Brussels, 25 Feb 2005
Around one in twenty people that are currently paralysed as a result of Parkinson's disease could walk again, thanks to a device developed during an EU funded Fifth Framework Programme (FP5) project.
Currently, there are around 700,000 Parkinson's sufferers in the European Union, and that number is expected to rise as the general population ages. The condition is caused by the loss of dopamine-producing cells that transmit signals within the brain, leaving victims unable to direct or control their movements in the normal manner. This is the reason why many people with Parkinson's have difficulty walking in conditions that would normally present no problem.

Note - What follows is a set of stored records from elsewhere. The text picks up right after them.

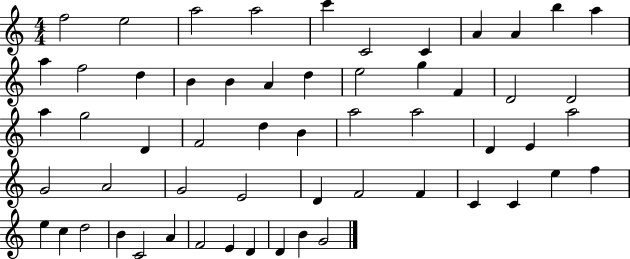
F5/h E5/h A5/h A5/h C6/q C4/h C4/q A4/q A4/q B5/q A5/q A5/q F5/h D5/q B4/q B4/q A4/q D5/q E5/h G5/q F4/q D4/h D4/h A5/q G5/h D4/q F4/h D5/q B4/q A5/h A5/h D4/q E4/q A5/h G4/h A4/h G4/h E4/h D4/q F4/h F4/q C4/q C4/q E5/q F5/q E5/q C5/q D5/h B4/q C4/h A4/q F4/h E4/q D4/q D4/q B4/q G4/h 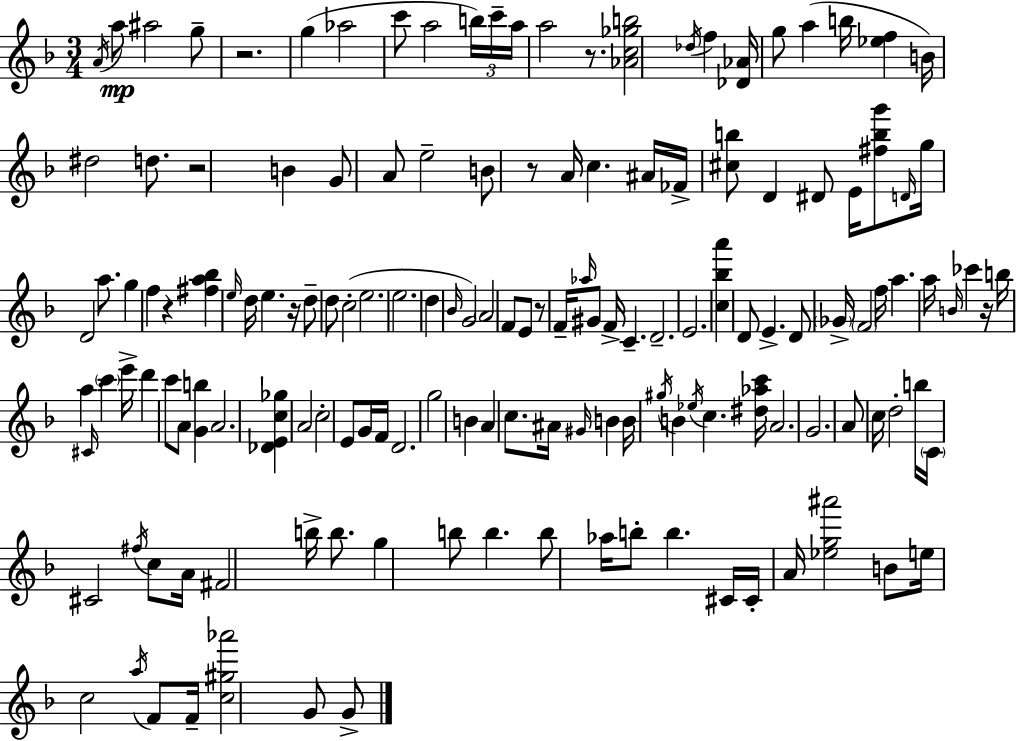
A4/s A5/e A#5/h G5/e R/h. G5/q Ab5/h C6/e A5/h B5/s C6/s A5/s A5/h R/e. [Ab4,C5,Gb5,B5]/h Db5/s F5/q [Db4,Ab4]/s G5/e A5/q B5/s [Eb5,F5]/q B4/s D#5/h D5/e. R/h B4/q G4/e A4/e E5/h B4/e R/e A4/s C5/q. A#4/s FES4/s [C#5,B5]/e D4/q D#4/e E4/s [F#5,B5,G6]/e D4/s G5/s D4/h A5/e. G5/q F5/q R/q [F#5,A5,Bb5]/q E5/s D5/s E5/q. R/s D5/e D5/e C5/h E5/h. E5/h. D5/q Bb4/s G4/h A4/h F4/e E4/e R/e F4/s Ab5/s G#4/e F4/s C4/q. D4/h. E4/h. [C5,Bb5,A6]/q D4/e E4/q. D4/e Gb4/s F4/h F5/s A5/q. A5/s B4/s CES6/q R/s B5/s A5/q. C#4/s C6/q E6/s D6/q C6/e A4/e [G4,B5]/q A4/h. [Db4,E4,C5,Gb5]/q A4/h C5/h E4/e G4/s F4/s D4/h. G5/h B4/q A4/q C5/e. A#4/s G#4/s B4/q B4/s G#5/s B4/q Eb5/s C5/q. [D#5,Ab5,C6]/s A4/h. G4/h. A4/e C5/s D5/h B5/s C4/s C#4/h F#5/s C5/e A4/s F#4/h B5/s B5/e. G5/q B5/e B5/q. B5/e Ab5/s B5/e B5/q. C#4/s C#4/s A4/s [Eb5,G5,A#6]/h B4/e E5/s C5/h A5/s F4/e F4/s [C5,G#5,Ab6]/h G4/e G4/e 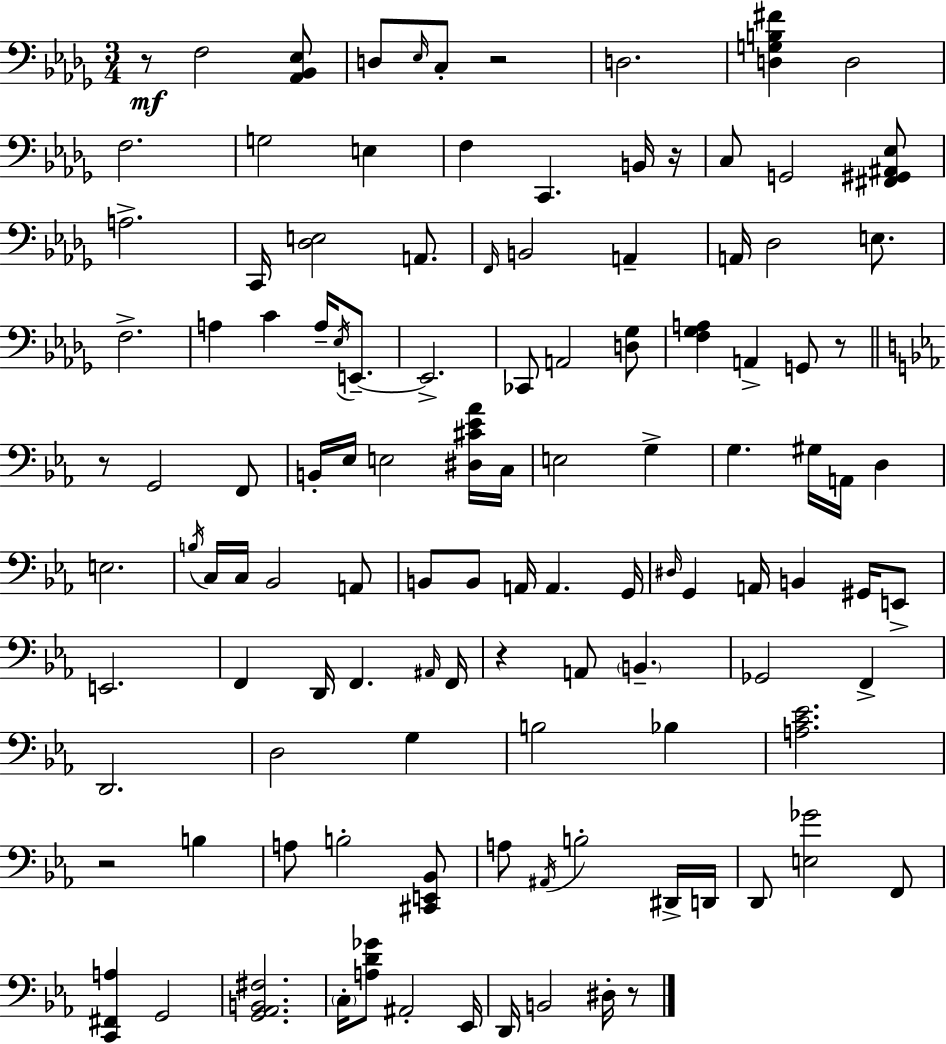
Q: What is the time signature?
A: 3/4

The PARREHA (Parkinson's rehabilitation) project was established with a 1.68 million euro grant from the Information Society Technologies programme of FP5. It aimed to take advantage of a little understood phenomenon known as kinesia paradoxa, whereby some immobile Parkinson's sufferers are actually able to walk normally when visual 'obstructions' - sometimes as simple as pieces of paper on the floor - are placed in their way.
Armed with this knowledge, the eight project partners within PARREHA used virtual reality technology to develop a headset that enables the wearer to see similar visual obstacles wherever they look, as well as their actual surroundings.
As project coordinator Reynold Greenlaw, from Oxford Computer Consultants, explains: 'This type of lightweight, wearable headset has a display that is very small and looks like a normal pair of glasses. [It] enables a number of people with Parkinson's to move freely and more safely in their normal environment.'
With the collaboration of another consortium member, Europark - a pan-European organisation of Parkinson's sufferers - the team worked with patients to demonstrate the effectiveness of the device. After trying initially to walk unaided in a bare corridor, users then put on the virtual reality glasses. Through these they were able to see the corridor, as well as a series of brightly coloured stripes that scrolled slowly towards them as if they were walking down a tunnel.
'Working with the Parkinson's group, Europark, we showed this device was highly effective for a certain group of people with Parkinson's,' confirmed Dr Greenlaw. 'It has an enormous effect on their quality of life and does not rely on any drugs or surgery.'
Following the conclusion of the project in 2003, the five small and medium sized engineering companies that were part of the consortium established a company called ParkAid, based in Italy, to work with manufacturers of wearable computer displays to develop the technology.
The latest prototype is currently undergoing a two year clinical trial at the Institute of Neurology in the UK, and the partners hope that the equipment will soon be certified. Although an exact price for the device has not yet been confirmed, the partners hope that the full package, including headset, PDA and software, will be available for around 2,000 euro.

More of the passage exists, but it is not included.